PROVIDED RECORDS:
┄┄┄┄┄┄

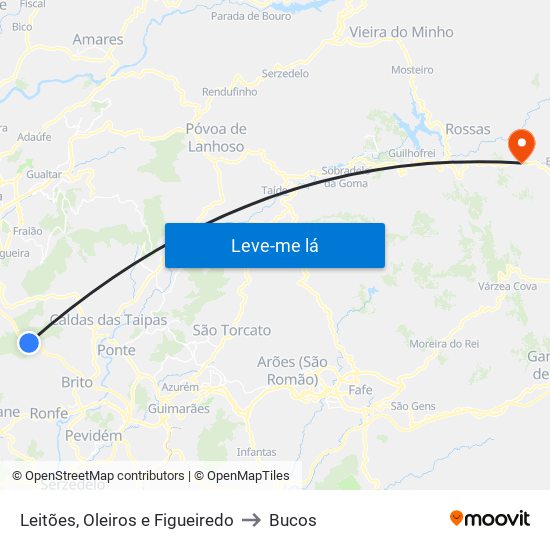 Leitões, Oleiros e Figueiredo to Bucos map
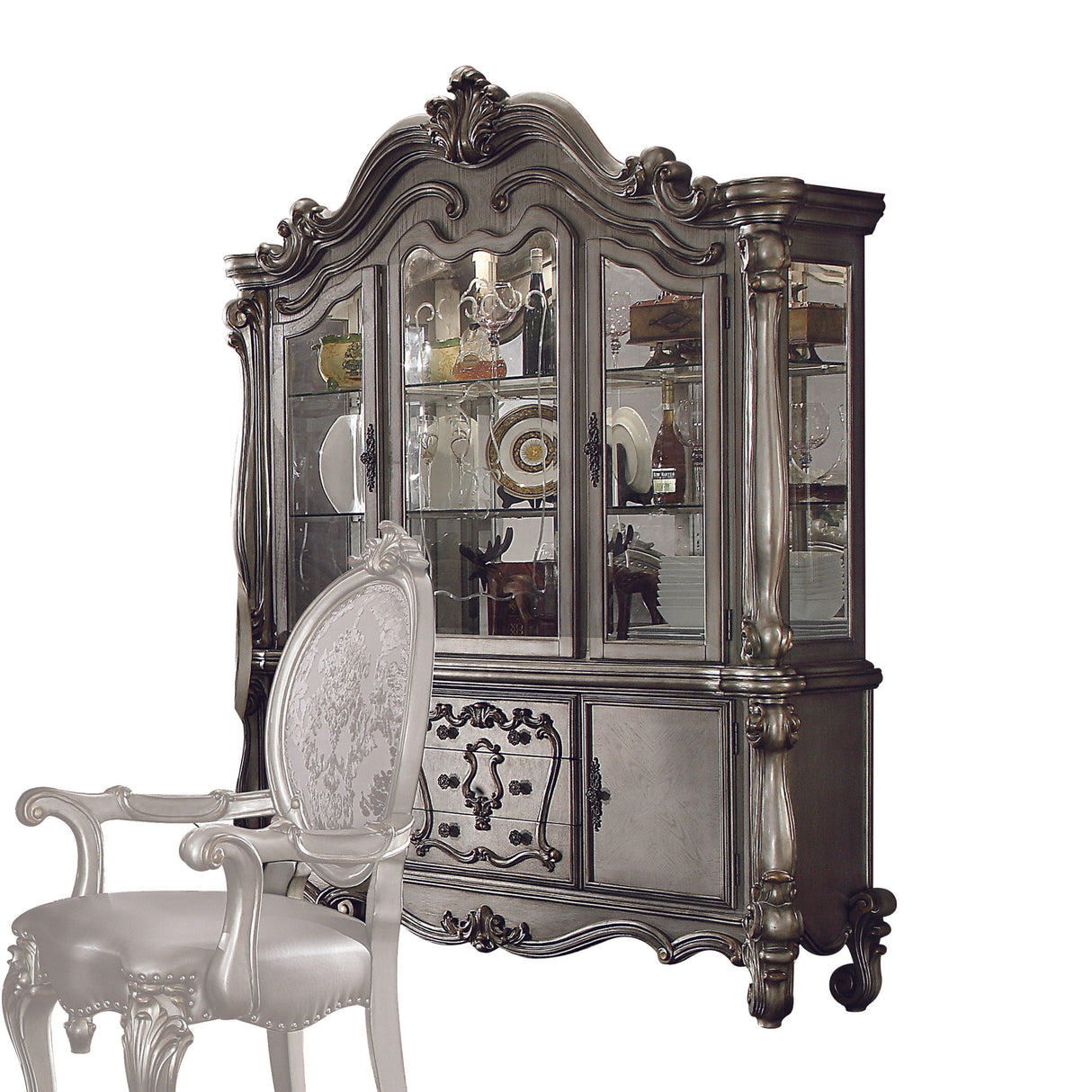 Versailles Antique Platinum Hutch & Buffet - galleria furniture outlet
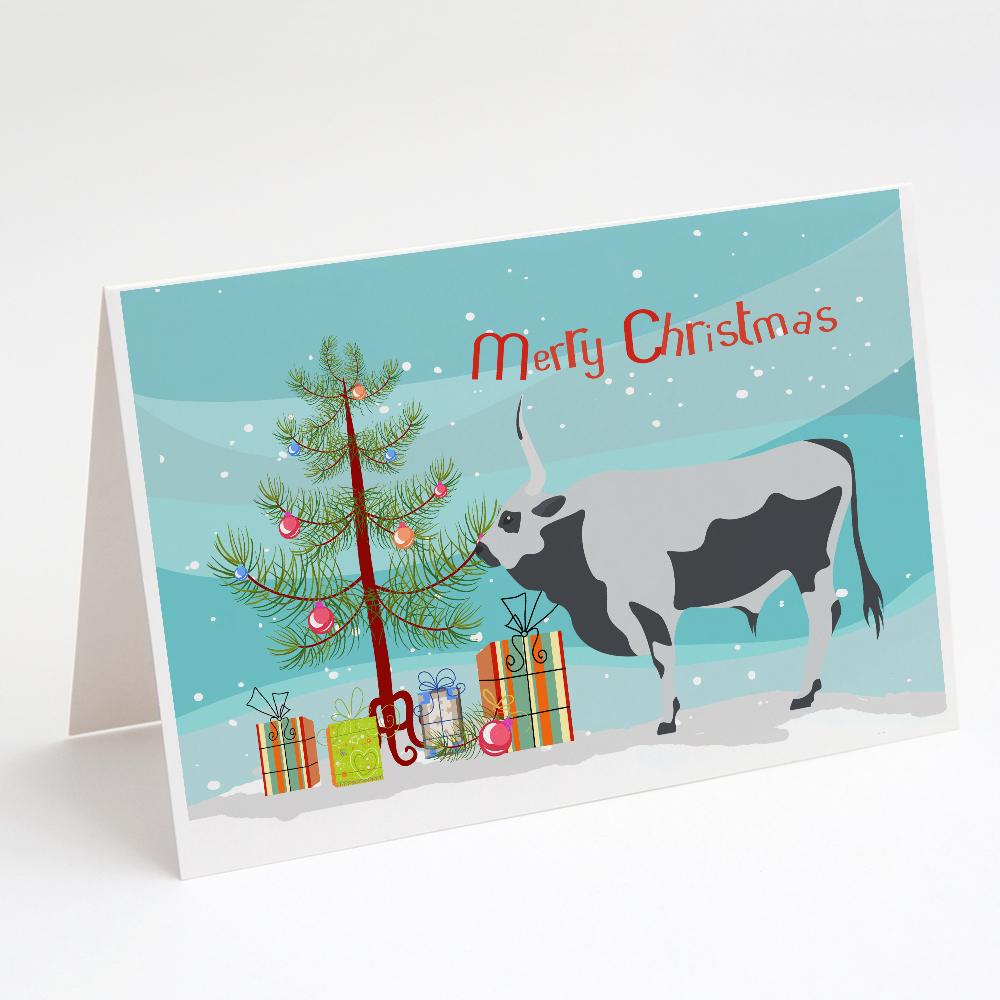 Hungarian Grey Steppe Cow Christmas Greeting Cards Pack of 8 Blank Cards with Envelopes Whimsical A7 Size 5x7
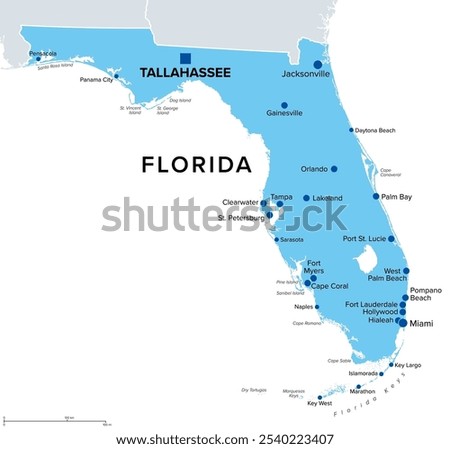 Florida, U.S. state, political map. State in the southeastern region of the United States with capital Tallahassee and largest cities. Nicknamed The Sunshine State. Isolated illustration. Vector.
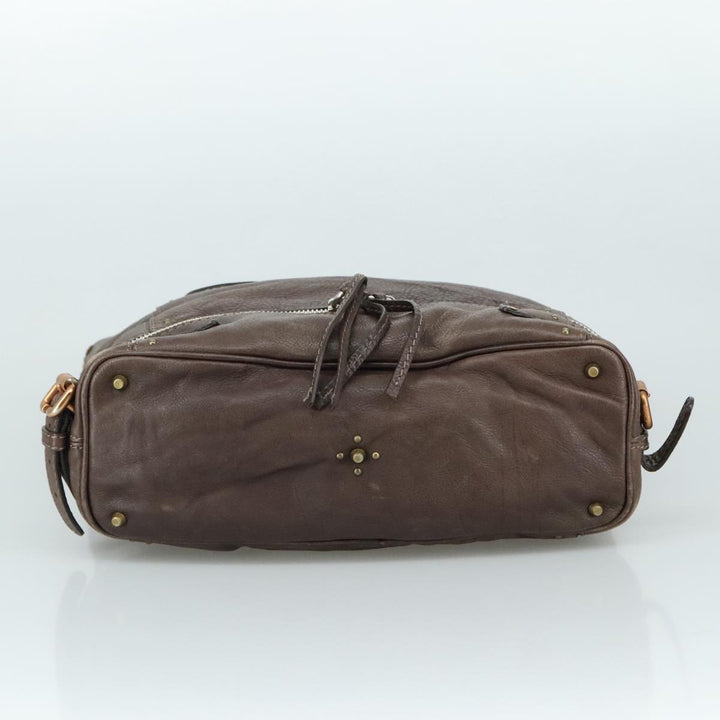 Chloe Paddington Shoulder Bag Leather Brown Gold Silver am7469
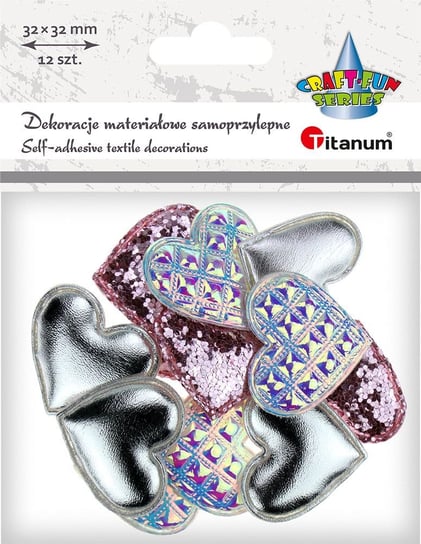 Ozdoba materiałowa Titanum serca samoprzylepne metal/róż Titanum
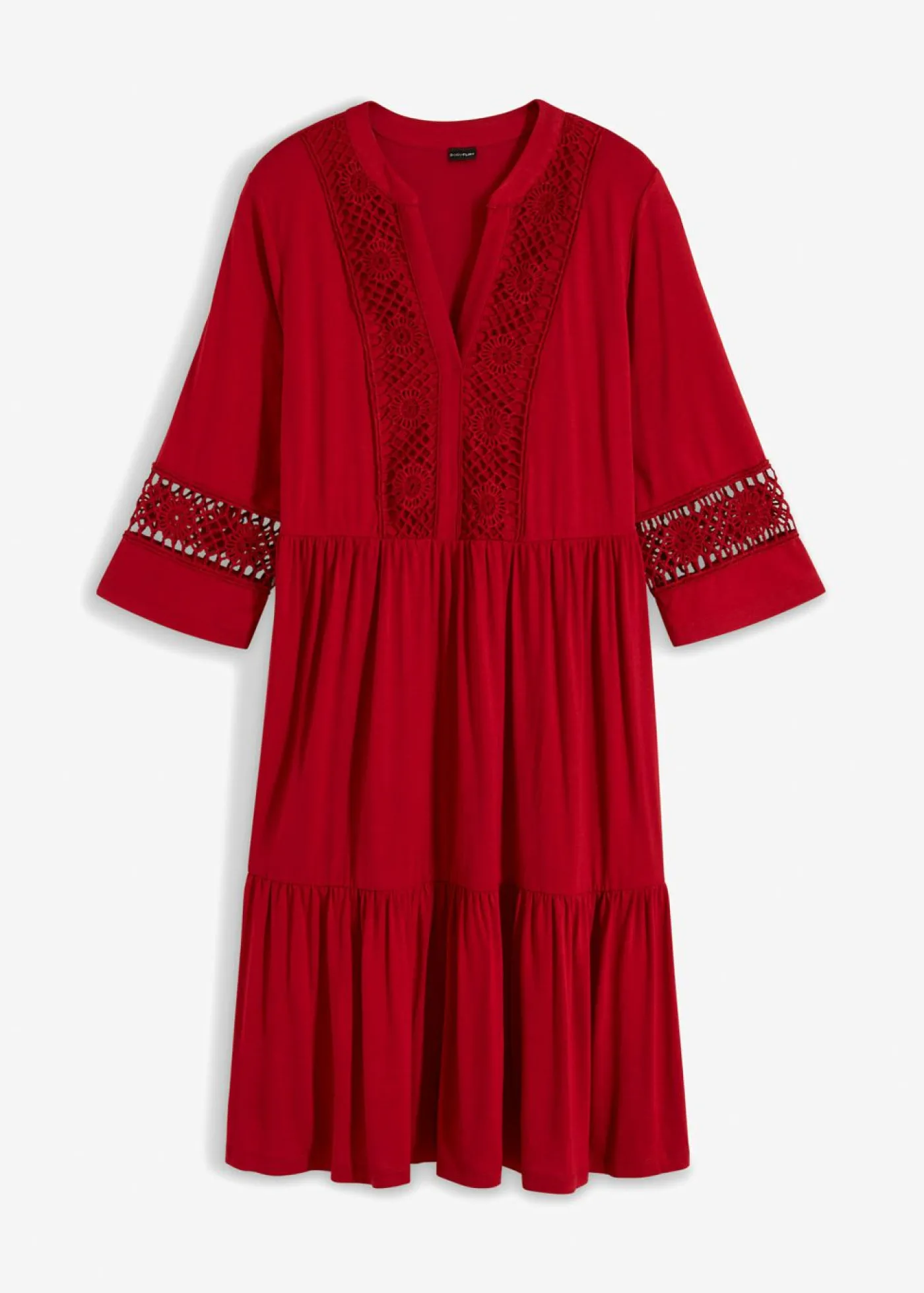 bonprix bonprix Vestido tipo túnica de viscosa suave rojo cayena Hot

┄┄┄┄┄┄

YOUR OBJECTIVE:
Type out the entries again without a single change, and leave the pictures out.

RESULT OF THE TASK:
 Leitões, Oleiros e Figueiredo to Bucos map
 Versailles Antique Platinum Hutch & Buffet - galleria furniture outlet
 Hungarian Grey Steppe Cow Christmas Greeting Cards Pack of 8 Blank Cards with Envelopes Whimsical A7 Size 5x7
 Florida, U.S. state, political map. State in the southeastern region of the United States with capital Tallahassee and largest cities. Nicknamed The Sunshine State. Isolated illustration. Vector.
 Chloe Paddington Shoulder Bag Leather Brown Gold Silver am7469
 Ozdoba materiałowa Titanum serca samoprzylepne metal/róż Titanum
 bonprix bonprix Vestido tipo túnica de viscosa suave rojo cayena Hot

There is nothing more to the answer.